Some build a legacy. Dad built relationships. He favoured community over accomplishments, and enjoying every day over working towards a future goal. And even though in 80 years’ time, everyone who ever saw him alive will be dead, the time he gave to others to improve their lives in small ways – a helping hand here, a friendly ear there – left an impact that will filter down the generations.
And that was more than good enough for him.
So take your ego out of the equation. Let your actions speak for you. Work to make each day better than when it started. If you build a business, focus on improving the lives of your customers in the here and now.
And if you do, it will all build to something beyond your imagining.
You may not know what your impact is, and it may not be something that you can write on your tombstone, but every person has an impact on this world. – Dara Horn
People ask about a legacy. There’s no legacy. Statues are torn down. Graveyards are ransacked. Headstones are knocked over. No one remembers anyone. What does live on are good deeds. If you do a good deed, it reverberates to the end of time. – William Shatner
There is a Woolworths still running in Australia and New Zealand but it’s unrelated to F. W. Woolworth’s company. The name was copied in 1924 as a dare because it was still available for use in New South Wales. Maybe that’s his actual legacy…
Another day, another random STSC email that changed my view at life as a youngster, for real. Thank you for writing that, I was so anxious this saturday thinking about new job opportunities, starting a business, making art etc etc, ideias running off my mind... but then you remembered:
- "If you build a business, focus on improving the lives of your customers in the here and now."
That's all that matters. Your father may not had a business, but he did understand that. And it's why he lived a long, fulfilling life.
- "Some build a legacy. Dad built relationships."
Loved it, seriously.
A fine essay. The idea of affecting legacy after we are gone takes the transactional mindset to a rather high--i mean low--level. This is a thoughtful response.
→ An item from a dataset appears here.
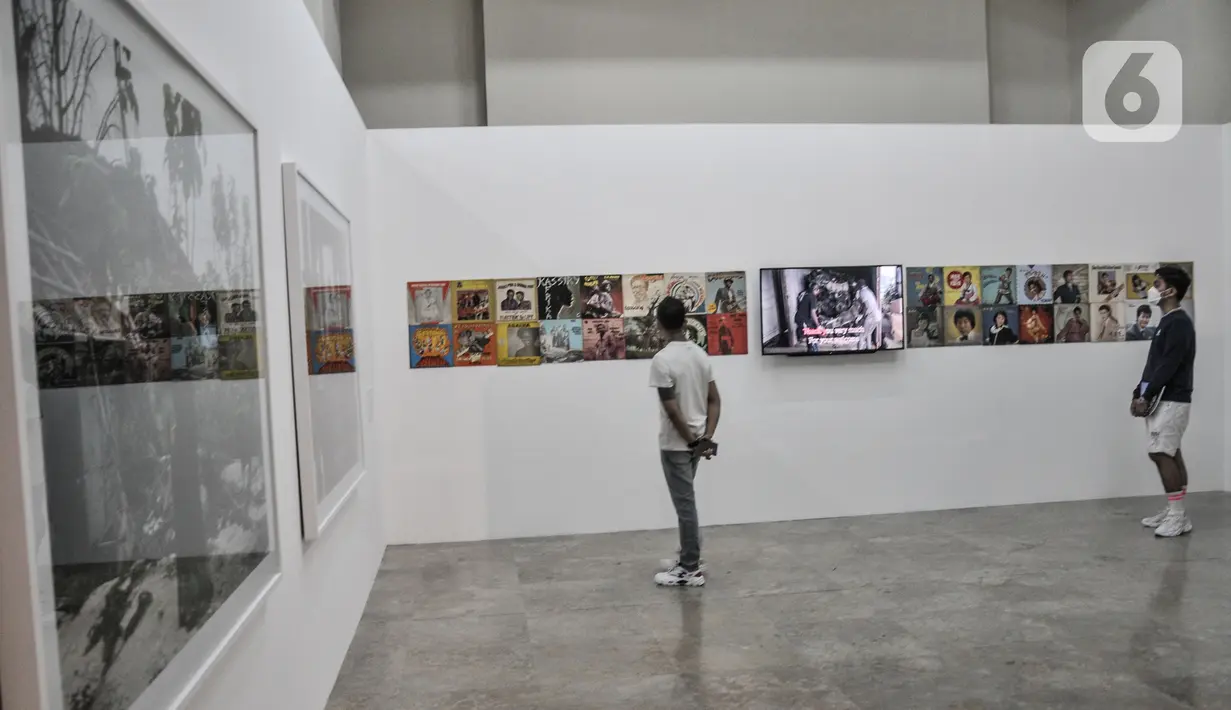 Pengunjung mengamati salah satu karya yang dipamerkan Jakarta Biennale 2021 di Museum Nasional, Jakarta, Selasa (23/11/2021). Pameran menghadirkan karya seni puluhan seniman mancanegara. (merdeka.com/Iqbal S. Nugroho)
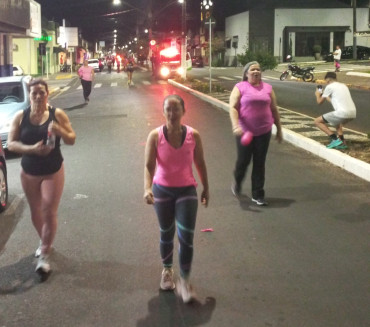 Foto 12: Caminhada e Passeio Ciclístico em prol do Outubro Rosa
Since you mentioned FW Woolworth: As it turns out, I live in the Woolworth legacy every day, since my department building was built by FW’s successors and was named for him.
And there was the famous sit-in at the Woolworths lunch counter in NC. The Internet tells me that site is now a civil rights museum.
Following your discussion, though, that’s not an argument for the control of legacy. I doubt young people associate our building with the store or the man. Even though I am old enough to remember the store, I never connected it with the legacy of my building until someone pointed it out after about 20 years! And who knows--it may get renamed soon, as so many architectural and administrative legacies are being questioned and dismantled.) So, we can’t control our legacy -- nor can our grandchildren!